Project Overview
This case study focuses on building a multilingual Retrieval-Augmented Generation (RAG) system using two advanced open-source language models: meta-llama/Meta-Llama-3.1-8B-Instruct and mistralai/Mistral-7B-Instruct-v0.3. The system aims to answer questions in both Hindi and English by retrieving relevant information and generating accurate responses in the appropriate language. A key challenge is ensuring the system’s performance in both languages, particularly when the original data is available only in English. To evaluate the system, we focus on two main aspects: the accuracy of the generated responses and the effectiveness of language detection.
Objective
The primary objective is to create a robust RAG system that can handle bilingual queries, retrieve pertinent information from a corpus embedded in English, and generate answers in the language of the query. This system aims to demonstrate the versatility of the “meta-llama/Meta-Llama-3.1-8B-Instruct” and “mistralai/Mistral-7B-Instruct-v0.3” models in a multilingual context.
Language Models:
1. Meta-LLaMA (Meta-Llama-3.1-8B-Instruct):
Meta-Llama-3-8B-Instruct is an 8 billion parameter language model developed by Meta AI. It’s based on the Transformer architecture and is likely an evolution of the Llama 2 series. This model is specifically designed for instruction-following tasks and is trained on a vast corpus of internet text, potentially including code and multilingual data. It’s known for its efficient performance and strong capabilities across various NLP tasks, particularly in areas like code generation and multilingual processing. However, its relatively smaller size compared to larger language models may limit its performance on extremely complex tasks.

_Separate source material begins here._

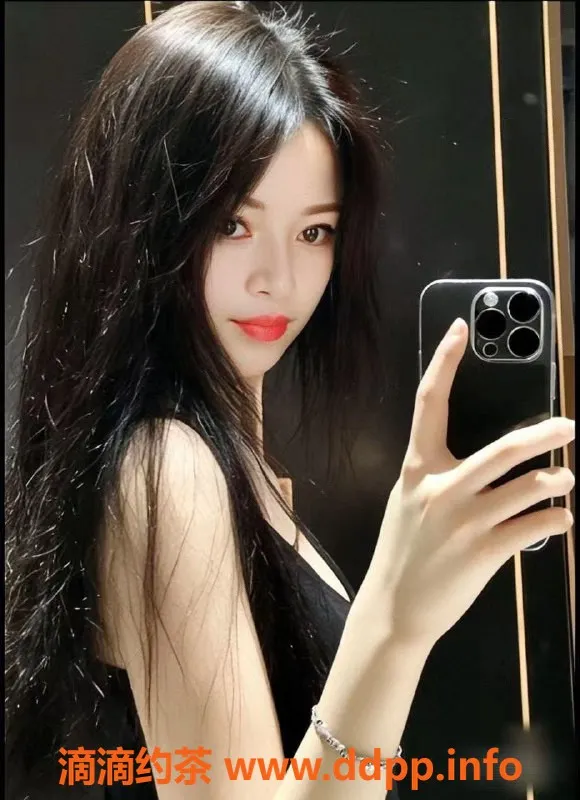 洛阳楼凤-乖丫头，28岁165cm，身材火辣，服务全面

2. Mistral (Mistral-7B-Instruct-v0.3):
Mistral-7B-Instruct-v0.3 is a 7 billion parameter language model created by Mistral AI. Built on the Transformer architecture with potential optimizations, this model is trained on a diverse dataset and is optimized for instruction-following tasks. Despite its compact size, Mistral-7B is known for its highly efficient performance and strong capabilities across a wide range of NLP tasks. It offers a good balance between model size and performance, making it suitable for various applications. Like the Llama model, its smaller size may pose limitations for very complex tasks, but its efficiency and strong instruction-following abilities make it a powerful tool for many NLP applications.
Document Embedding:
Document Embedding consists of two key components: the vector database and the embedding model.
We can embed documents using the embedding model and store them in a vector database for future reference.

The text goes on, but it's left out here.